Instruction for the data below: set down exactly the lines from the line with "Bearwind Portable Handheld" to the line with "Idle Train Empire", inclusive, and no others.

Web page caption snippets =
++++

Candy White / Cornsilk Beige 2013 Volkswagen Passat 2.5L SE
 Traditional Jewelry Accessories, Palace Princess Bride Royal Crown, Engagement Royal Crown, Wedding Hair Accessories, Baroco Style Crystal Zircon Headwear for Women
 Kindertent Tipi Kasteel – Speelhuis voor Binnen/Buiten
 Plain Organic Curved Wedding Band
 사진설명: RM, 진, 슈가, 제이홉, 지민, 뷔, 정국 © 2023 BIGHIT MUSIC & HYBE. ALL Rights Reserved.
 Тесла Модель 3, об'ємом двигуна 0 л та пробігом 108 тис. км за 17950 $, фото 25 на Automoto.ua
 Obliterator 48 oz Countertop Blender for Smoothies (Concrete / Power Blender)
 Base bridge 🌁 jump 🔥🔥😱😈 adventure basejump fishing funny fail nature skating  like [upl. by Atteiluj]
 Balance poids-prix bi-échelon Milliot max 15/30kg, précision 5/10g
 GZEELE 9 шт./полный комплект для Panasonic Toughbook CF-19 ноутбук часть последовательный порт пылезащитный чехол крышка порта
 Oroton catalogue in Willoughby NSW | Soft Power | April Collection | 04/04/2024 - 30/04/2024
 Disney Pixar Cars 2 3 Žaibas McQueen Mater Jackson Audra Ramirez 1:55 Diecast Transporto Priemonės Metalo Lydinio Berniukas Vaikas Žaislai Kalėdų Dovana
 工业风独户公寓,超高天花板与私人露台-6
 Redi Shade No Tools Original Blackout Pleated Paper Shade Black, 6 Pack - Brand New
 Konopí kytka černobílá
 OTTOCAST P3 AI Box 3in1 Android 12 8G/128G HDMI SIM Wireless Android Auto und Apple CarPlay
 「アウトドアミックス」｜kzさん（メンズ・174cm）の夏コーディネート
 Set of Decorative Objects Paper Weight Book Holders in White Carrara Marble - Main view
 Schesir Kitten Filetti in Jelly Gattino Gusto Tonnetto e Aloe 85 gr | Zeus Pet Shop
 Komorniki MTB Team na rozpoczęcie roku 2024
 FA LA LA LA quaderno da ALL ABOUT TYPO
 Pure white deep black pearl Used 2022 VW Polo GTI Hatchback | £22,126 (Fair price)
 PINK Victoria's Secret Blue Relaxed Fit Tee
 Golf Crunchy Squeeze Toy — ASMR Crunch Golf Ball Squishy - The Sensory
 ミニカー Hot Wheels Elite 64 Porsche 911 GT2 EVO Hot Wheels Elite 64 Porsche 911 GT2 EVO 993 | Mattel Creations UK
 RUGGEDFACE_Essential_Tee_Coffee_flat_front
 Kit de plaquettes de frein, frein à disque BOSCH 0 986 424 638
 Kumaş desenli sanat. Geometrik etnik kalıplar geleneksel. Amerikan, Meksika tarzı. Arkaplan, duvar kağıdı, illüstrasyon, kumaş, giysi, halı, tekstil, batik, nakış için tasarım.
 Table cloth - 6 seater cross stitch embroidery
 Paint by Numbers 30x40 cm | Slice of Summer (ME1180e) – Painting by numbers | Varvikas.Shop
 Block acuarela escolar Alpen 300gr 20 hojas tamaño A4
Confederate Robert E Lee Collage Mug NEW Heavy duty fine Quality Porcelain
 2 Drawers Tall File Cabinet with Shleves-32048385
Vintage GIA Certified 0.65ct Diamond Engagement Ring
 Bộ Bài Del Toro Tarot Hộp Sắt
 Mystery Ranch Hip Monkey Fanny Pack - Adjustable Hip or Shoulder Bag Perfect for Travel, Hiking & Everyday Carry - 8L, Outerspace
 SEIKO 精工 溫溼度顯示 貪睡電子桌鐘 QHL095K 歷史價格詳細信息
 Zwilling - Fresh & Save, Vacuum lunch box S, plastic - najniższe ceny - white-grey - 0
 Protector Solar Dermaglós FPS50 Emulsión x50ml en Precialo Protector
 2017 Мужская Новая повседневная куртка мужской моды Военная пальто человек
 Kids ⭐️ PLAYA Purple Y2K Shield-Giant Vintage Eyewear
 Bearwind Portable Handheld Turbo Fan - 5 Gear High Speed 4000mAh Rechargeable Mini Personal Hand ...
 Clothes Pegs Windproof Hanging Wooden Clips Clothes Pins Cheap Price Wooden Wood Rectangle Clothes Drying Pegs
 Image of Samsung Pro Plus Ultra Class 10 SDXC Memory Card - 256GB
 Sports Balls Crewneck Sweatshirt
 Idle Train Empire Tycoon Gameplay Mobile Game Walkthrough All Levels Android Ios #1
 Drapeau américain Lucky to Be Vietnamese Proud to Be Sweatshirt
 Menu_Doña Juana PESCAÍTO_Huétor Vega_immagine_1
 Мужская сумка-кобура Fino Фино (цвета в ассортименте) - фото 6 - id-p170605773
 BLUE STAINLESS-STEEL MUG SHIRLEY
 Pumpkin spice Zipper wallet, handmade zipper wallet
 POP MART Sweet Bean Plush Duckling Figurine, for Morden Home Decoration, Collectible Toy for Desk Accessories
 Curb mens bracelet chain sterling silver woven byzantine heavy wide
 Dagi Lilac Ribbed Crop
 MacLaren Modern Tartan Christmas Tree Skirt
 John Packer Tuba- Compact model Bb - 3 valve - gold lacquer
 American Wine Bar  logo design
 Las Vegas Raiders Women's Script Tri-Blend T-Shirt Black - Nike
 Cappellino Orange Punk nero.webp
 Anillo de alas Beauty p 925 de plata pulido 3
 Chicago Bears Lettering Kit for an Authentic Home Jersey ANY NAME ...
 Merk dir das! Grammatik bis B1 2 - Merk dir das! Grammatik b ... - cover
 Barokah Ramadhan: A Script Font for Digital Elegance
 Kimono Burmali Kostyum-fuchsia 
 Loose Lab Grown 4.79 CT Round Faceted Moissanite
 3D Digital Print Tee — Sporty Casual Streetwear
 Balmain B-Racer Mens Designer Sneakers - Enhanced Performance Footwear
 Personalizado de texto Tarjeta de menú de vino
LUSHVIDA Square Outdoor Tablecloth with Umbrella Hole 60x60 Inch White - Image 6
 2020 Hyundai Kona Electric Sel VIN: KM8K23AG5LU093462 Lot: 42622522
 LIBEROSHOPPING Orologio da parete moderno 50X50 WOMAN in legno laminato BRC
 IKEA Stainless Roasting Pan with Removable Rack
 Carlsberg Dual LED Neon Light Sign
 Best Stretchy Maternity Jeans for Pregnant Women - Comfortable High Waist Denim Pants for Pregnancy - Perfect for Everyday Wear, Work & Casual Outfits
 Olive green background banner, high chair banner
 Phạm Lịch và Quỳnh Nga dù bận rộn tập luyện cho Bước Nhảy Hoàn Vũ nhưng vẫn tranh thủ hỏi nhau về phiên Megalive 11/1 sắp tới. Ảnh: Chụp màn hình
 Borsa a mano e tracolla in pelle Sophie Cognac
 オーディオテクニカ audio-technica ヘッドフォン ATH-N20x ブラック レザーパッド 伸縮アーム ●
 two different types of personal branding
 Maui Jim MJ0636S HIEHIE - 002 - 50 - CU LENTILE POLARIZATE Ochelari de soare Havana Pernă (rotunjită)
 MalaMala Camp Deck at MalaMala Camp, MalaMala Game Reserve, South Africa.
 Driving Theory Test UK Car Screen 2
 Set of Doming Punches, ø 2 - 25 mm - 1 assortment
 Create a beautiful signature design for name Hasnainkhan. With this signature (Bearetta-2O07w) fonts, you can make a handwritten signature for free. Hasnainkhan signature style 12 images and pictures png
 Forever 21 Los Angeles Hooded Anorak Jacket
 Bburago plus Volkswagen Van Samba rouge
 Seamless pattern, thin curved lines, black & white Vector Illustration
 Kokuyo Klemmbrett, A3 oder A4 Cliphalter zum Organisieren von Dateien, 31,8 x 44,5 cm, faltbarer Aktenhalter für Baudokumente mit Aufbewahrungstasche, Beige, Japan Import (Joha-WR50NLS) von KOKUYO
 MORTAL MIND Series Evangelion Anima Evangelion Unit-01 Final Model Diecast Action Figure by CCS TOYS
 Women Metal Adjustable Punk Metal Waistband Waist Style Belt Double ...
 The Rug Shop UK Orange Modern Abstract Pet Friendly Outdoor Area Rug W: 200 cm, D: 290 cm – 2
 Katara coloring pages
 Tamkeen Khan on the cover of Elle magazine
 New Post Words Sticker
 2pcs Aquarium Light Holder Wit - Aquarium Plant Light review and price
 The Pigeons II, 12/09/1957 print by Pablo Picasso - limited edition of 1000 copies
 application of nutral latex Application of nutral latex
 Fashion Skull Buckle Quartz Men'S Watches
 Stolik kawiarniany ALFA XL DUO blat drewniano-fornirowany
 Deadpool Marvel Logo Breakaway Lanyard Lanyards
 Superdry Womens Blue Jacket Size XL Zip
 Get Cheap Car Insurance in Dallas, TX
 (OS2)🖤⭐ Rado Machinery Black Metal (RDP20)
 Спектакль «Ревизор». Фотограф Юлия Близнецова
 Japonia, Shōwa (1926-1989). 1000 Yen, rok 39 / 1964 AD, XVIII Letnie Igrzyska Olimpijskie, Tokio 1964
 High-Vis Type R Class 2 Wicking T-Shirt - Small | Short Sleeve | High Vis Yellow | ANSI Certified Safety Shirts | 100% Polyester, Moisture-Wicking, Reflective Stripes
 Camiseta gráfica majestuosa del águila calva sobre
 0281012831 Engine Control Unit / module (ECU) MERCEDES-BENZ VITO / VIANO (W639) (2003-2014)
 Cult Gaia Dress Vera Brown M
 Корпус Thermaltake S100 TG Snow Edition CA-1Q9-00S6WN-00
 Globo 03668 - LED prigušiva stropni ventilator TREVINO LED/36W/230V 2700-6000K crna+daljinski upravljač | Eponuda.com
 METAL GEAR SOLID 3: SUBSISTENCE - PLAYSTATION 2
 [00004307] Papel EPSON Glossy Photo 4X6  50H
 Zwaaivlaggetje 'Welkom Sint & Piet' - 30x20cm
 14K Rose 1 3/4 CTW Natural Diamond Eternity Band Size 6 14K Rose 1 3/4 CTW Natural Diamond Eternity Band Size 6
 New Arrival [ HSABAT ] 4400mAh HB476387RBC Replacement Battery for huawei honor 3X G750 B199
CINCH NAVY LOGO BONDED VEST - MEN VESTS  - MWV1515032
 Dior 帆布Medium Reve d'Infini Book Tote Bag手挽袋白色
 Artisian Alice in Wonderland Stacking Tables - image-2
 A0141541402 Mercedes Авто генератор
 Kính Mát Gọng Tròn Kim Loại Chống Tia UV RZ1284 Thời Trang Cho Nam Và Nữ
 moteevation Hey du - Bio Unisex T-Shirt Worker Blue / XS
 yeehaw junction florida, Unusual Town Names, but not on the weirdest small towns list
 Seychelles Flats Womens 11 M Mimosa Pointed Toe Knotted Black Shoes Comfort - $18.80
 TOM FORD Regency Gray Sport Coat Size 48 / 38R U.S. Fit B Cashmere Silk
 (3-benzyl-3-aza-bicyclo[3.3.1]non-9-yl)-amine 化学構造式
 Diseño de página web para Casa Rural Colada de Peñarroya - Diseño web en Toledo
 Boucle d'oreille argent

++++

Task answer =
 Bearwind Portable Handheld Turbo Fan - 5 Gear High Speed 4000mAh Rechargeable Mini Personal Hand ...
 Clothes Pegs Windproof Hanging Wooden Clips Clothes Pins Cheap Price Wooden Wood Rectangle Clothes Drying Pegs
 Image of Samsung Pro Plus Ultra Class 10 SDXC Memory Card - 256GB
 Sports Balls Crewneck Sweatshirt
 Idle Train Empire Tycoon Gameplay Mobile Game Walkthrough All Levels Android Ios #1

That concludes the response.